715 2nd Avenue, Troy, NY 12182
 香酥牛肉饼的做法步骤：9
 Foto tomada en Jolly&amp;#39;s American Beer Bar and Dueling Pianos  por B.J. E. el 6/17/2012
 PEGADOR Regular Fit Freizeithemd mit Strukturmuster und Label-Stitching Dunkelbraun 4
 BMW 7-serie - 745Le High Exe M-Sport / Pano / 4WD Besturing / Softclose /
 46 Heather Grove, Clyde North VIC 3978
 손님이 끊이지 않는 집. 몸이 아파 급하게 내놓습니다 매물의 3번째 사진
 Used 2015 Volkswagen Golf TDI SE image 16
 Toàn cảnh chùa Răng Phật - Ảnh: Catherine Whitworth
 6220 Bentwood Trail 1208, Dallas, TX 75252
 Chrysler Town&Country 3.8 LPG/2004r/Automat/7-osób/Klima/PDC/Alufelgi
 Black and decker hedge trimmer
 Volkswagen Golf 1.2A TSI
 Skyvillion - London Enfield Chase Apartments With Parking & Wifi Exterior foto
---+---
§ Directions:
Each entry above must be repeated exactly, with nothing dropped.

§ Solution to this task:
715 2nd Avenue, Troy, NY 12182
 香酥牛肉饼的做法步骤：9
 Foto tomada en Jolly&amp;#39;s American Beer Bar and Dueling Pianos  por B.J. E. el 6/17/2012
 PEGADOR Regular Fit Freizeithemd mit Strukturmuster und Label-Stitching Dunkelbraun 4
 BMW 7-serie - 745Le High Exe M-Sport / Pano / 4WD Besturing / Softclose /
 46 Heather Grove, Clyde North VIC 3978
 손님이 끊이지 않는 집. 몸이 아파 급하게 내놓습니다 매물의 3번째 사진
 Used 2015 Volkswagen Golf TDI SE image 16
 Toàn cảnh chùa Răng Phật - Ảnh: Catherine Whitworth
 6220 Bentwood Trail 1208, Dallas, TX 75252
 Chrysler Town&Country 3.8 LPG/2004r/Automat/7-osób/Klima/PDC/Alufelgi
 Black and decker hedge trimmer
 Volkswagen Golf 1.2A TSI
 Skyvillion - London Enfield Chase Apartments With Parking & Wifi Exterior foto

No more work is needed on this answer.